I’m not especially close to my family, and this holds particularily true for my extended family. Growing up, I lived with my mom and step-dad (my dad, really) and we always lived at least an hour away from other family, including my dad. So, I never knew my extended family except for holiday gatherings, or, in the case of my dad’s family, the rare visit on his (equally rare) weekends*. I’m the oldest grandchild and the only girl until I was about 10. My cousins on my dad’s side are all very close and many of them live in the same city, hang out together, and are friends. I wouldn’t know them if I saw them on the street. On my mom’s side, I’m the oldest grandchild, and the only girl until my sister was born when I was 11.
My grandparents weren’t a part of my life and while I didn’t miss that for myself (since I didn’t know that), I hate that LouLa doesn’t have grandparents in her life, either.
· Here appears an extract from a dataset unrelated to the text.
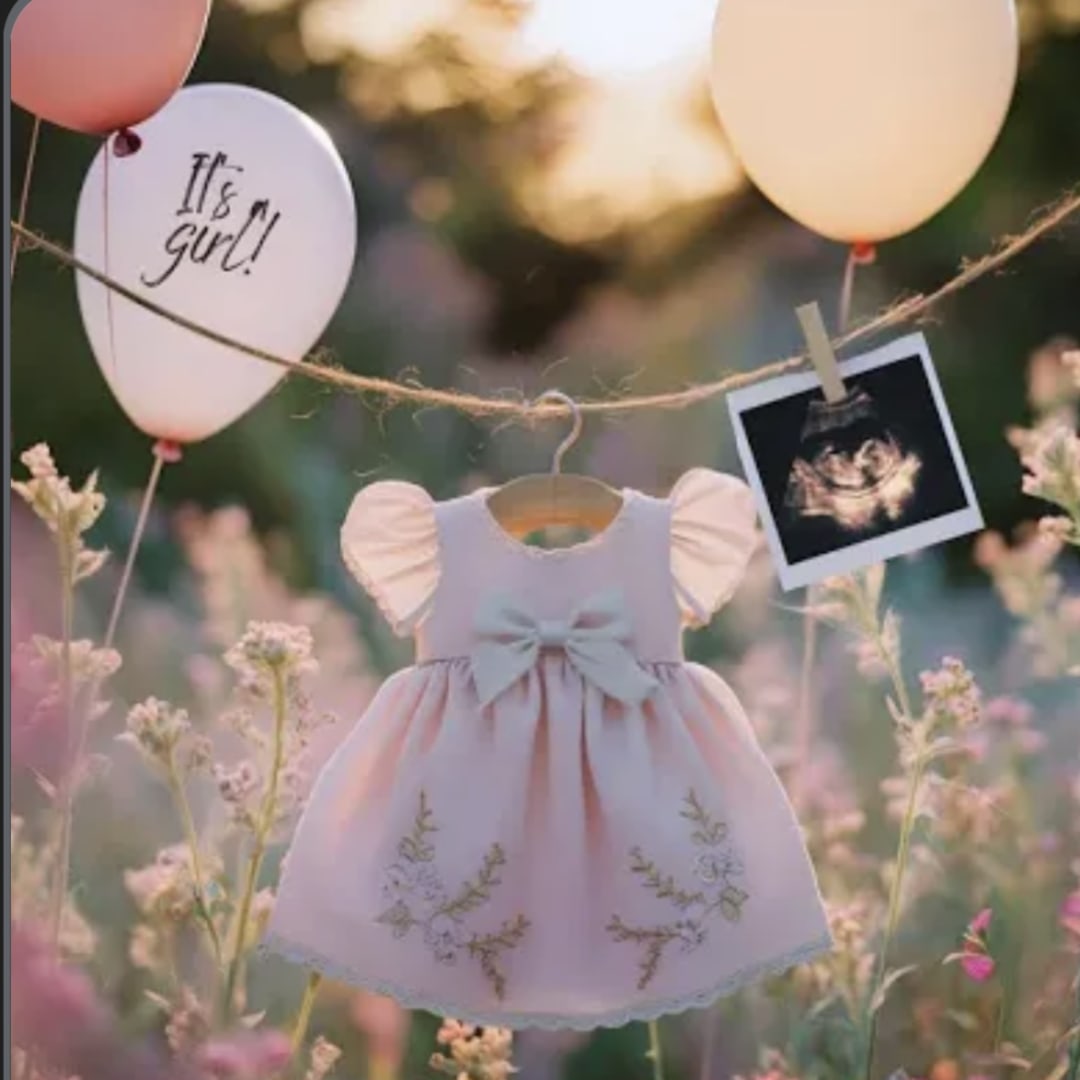 Photo shared by Angelina for their Babylist baby registry.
I wish my parents lived closer and were able to see her grow up and change. Right now my mom and step-dad live a 14 hour drive away, and my dad lives a 7 hour drive away. She’s their only grandchild and probably will be for quite a few more years. Josh’s family lives close, but sees LouLa about the same amount that my family does.
I don’t want to hand down that distance from family that I had. As I said, I didn’t miss it, but I miss it for LouLa. My parents (all of them) would love to be a part of her life. My mom and step-dad are planning on moving closer someday, but my mom doesn’t feel like she can until her mother passes away. I totally understand that, but I see the years passing so quickly. It’s already been five years. Five more will go by just as quickly. My dad and his family have professions and love where they live. I wouldn’t mind moving to be closer to them, but the cost of living is so much higher there and we wouldn’t make any more money, so that’s just not possible.
I guess I can only do the best that I can do. Right now, LouLa sees my mom and step-dad about once a year and she sees my dad and his family about twice a year. She talks on the phone with them, sends them cards, and we send pictures. I think she feels more comfortable around them than I ever felt around my grandparents. My dad and his family will be visiting for a weekend in April and my mom and step-dad are coming out for about a week when Josh and I go to Italy this summer. We’ll start there and hope that the year brings other visits.
*I don’t mean to insinuate that my dad did something wrong. I believe that it takes two people to divorce and two people to be involved in their kids’ visitation, or lack thereof. Both of my parents did the best they could and I think they would make different choices if they could redo it.